3. NOVONIX (NVX, $1.58)
Market capitalisation: $662 million
FY20 revenue: $4.25 million
FY20 EPS: –14.7 cents
Analysts’ consensus valuation: $1.33

Brisbane-based NOVONIX is an integrated developer and supplier of high-performance materials – in particular, graphene-based anodes – and equipment and services for the global lithium-ion battery (LIB) industry, with operations in the USA and Canada, and sales in 14 countries. The company is listed on the ASX, the OTC market in North America and the Deutsche Borse.

Formerly known as GraphiteCorp, in 2017 the company struck transformational deals with two North American groups, NOVONIX and Coulometrics, which turned it into a supplier of advanced battery materials, equipment and services to the global LIB market. NOVONIX develops, manufactures and sells high-precision battery cell testing equipment used by leading battery makers, equipment manufacturers and research organisations including Apple, Microsoft, TESLA, Panasonic, Honda, Samsung, Bosch and GM; the company’s exclusive joint venture with Tennessee-based Coulometrics, called PUREgraphite, develops, manufactures and sells high-performance anode materials.

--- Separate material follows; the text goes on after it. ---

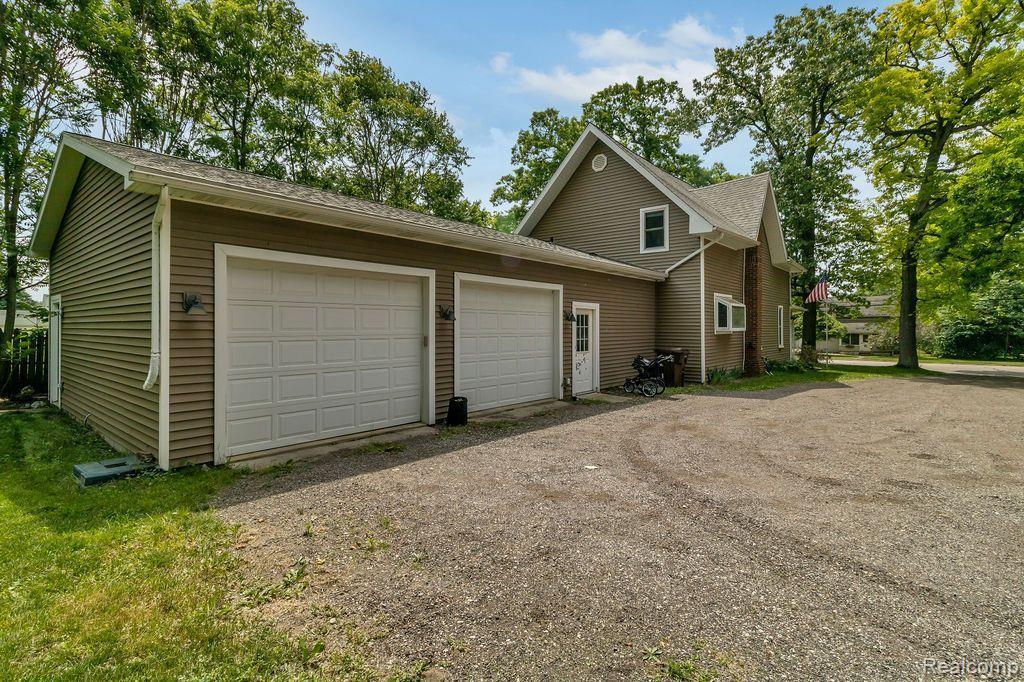 613 E GRAND RIVER Road, Laingsburg, MI 48848 — Photo 35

NOVONIX focuses on improving batteries not only for electric vehicles and renewable energy storage, but phones, laptops and cordless equipment. its customer base includes global car makers, battery manufacturers, consumer electronics companies, medical device makers and battery laboratories. NOVONIX says its anode material processing technology is one example of delivering lower-cost, high-performance graphite to support long-cycle-life battery applications, while its dry particle micro-granulation (DPMG) process is another, through its ability to eliminate wastewater and use simpler metal inputs to reduce cathode manufacturing cost, or improve yield in anode manufacturing. For example, TESLA said at its Battery Day presentation in November that the existing manufacturing cost of EV battery cathode is “far too expensive and wasteful” – NOVONIX believes its technology can help in this regard.

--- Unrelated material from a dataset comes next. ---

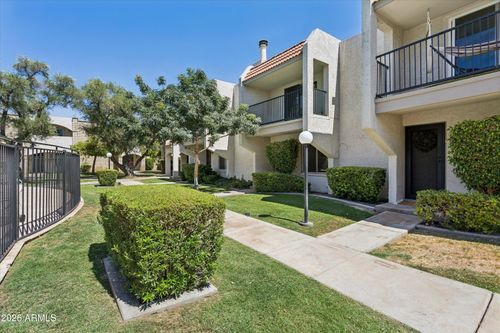 41-8225 N Central Ave, Phoenix, AZ, 85020-3560 | Card Image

NOVONIX’s PUREgraphite anode material plant in Chattanooga, Tennessee is ramping up capacity to 2,000 tonnes a year of synthetic graphite, which includes supply of an initial 500 tonnes to Samsung SDI, one of the world’s largest LIB makers, for EV batteries. NOVONIX recently struck a strategic alliance with US-based Harper International Corporation to develop specialised furnace technology that will enhance its synthetic graphite manufacturing process. The company also has a non-binding agreement with Sanyo (a wholly-owned subsidiary of Panasonic Corporation), another leading battery producer, to assess production materials from this plant. Working with Samsung and Sanyo, NOVONIX has agreements with the two largest global LIB makers, representing between them 40% of the global market.

NOVONIX says annual passenger EV sales are on track to rise to 10 million per year in 2025, 28 million in 2028 and 56 million by 2040, To fill this demand for EV growth, it says there are 99 LIB mega-factories in the pipeline with over 2,000 gigawatt hours (GWh) of capacity for 2028: as a result, demand for high-performance battery materials is expected to grow by seven times, by 2030.

Important: This content has been prepared without taking account of the objectives, financial situation or needs of any particular individual. It does not constitute formal advice. Consider the appropriateness of the information in regard to your circumstances.